Derap pintu tanda terbuka memasuki indra pendengaranku. Aku rasa itu pasti dia yang datang dan tujuannya hanya satu, membuatku kembali luluh kepadanya, mempercayainya seperti sebelum semua ini terjadi, menyanjung dan mengutamakan kepentingannya.

"Aku minta maaf, Lis ... aku ingin hubungan kita kembali seperti semula. Aku sadar aku sudah bertindak kelewatan, tapi apakah tidak ada sedikit maaf untukku?" Tanpa memedulikan izin dariku, dia seenaknya masuk dan langsung duduk di depanku.

Aku mengangkat wajah sambil memandang datar ke arahnya. Raut wajahnya menampilkan ekspresi kesedihan, tapi tidak di matanya. Aku tidak ingin tertipu untuk sekian kalinya dari orang yang pandai memainkan ekspresi wajah. Sudah cukup aku bersikap bodoh dan mudah menaruh simpati pada orang lain. Kejadian beberapa waktu lalu membuatku sadar akan perilaku manusia. Tidak semua tindakan yang mereka lakukan bersifat tulus dan apa adanya.

"Sudah cukup meminta maaf, Ken. Situasi di antara kita sudah tidak memungkinkan lagi untuk bisa seperti dulu. Kalau memang kamu sadar dengan apa yang kamu lakukan kenapa harus kamu lakukan?" ujarku sedikit emosi. Jujur aku sudah tidak bisa bersikap datar lagi, menahan semua rasa yang minta dikeluarkan sejak aku melihat wajahnya memasuki ruanganku yang tidak lebih dari seluas hatiku saat ini kepadanya.

'Tuhan, kenapa engkau harus mengujiku dengan keadaan yang tidak terduga seperti ini?
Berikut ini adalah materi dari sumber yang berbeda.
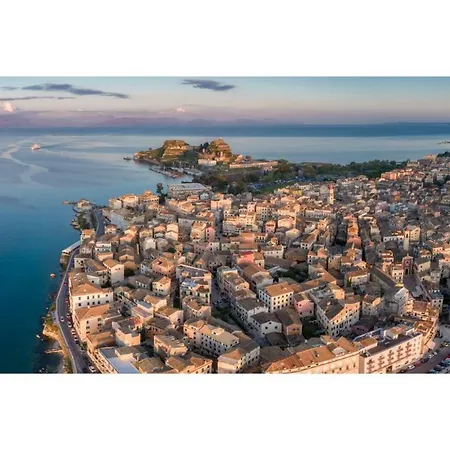 别墅 Kefalaki Nisaki (Corfu)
Apakah kamu mencoba menegurku karena selama ini terlalu buta dan bersikap acuh terhadap sekeliling?' Setiap aku marah aku pasti melontarkan pertanyaan tersebut kepada sang khalik.

Merebahkan punggungnya pada sandaran sofa, dia mengembuskan napas berat tanda kecewa. Kecewa? Aku tidak yakin apa yang aku simpulkan dari gurat wajahnya benar. Karena aku menganggap segala yang ada pada dirinya hanyalah sebagai kebohongan dan sandiwara semata.

"Aku tidak tahu dia adalah adikmu, Lis. Aku hanya mencoba merangkak naik ke atas dan saat itu aku melihat dia adalah batu loncatan yang bagus. Seharusnya kamu berterus terang juga tentang keluargamu." Suaranya terdengar biasa sekarang, malah ada sedikit emosi di sana.

Aku tersenyum mendengar pembelaannya barusan, masih sempatnya dia mencoba melempar kesalahan padaku.

"Apa dengan memanfaatkan kepolosan adikku dan menyebarkan info palsu tentang diriku kamu bakal bisa meraih kesuksesan? Aku pikir kebaikanku selama ini dengan mempercayakan kamu sebagai Manajer Lapangan sudah cukup untukmu, tapi kamu terlalu serakah Ken." Aku mengeluarkan sebuah map biru dari dalam laci meja dan melemparkan ke depannya.

"Kamu tidak akan bisa jadi pemimpin jika hanya memanfaatkan orang lain, terlebih hubungan persahabatan kita yang sudah tidak baru lagi."

Aku bangkit dari kursi dan melangkah ke arah pintu. Biarlah aku yang keluar dari ruanganku sendiri dan membiarkan dia menikmati nyamannya ruangan seorang Direktur untuk terakhir kalinya, sebelum dia merasakan dinginnya jeruji besi.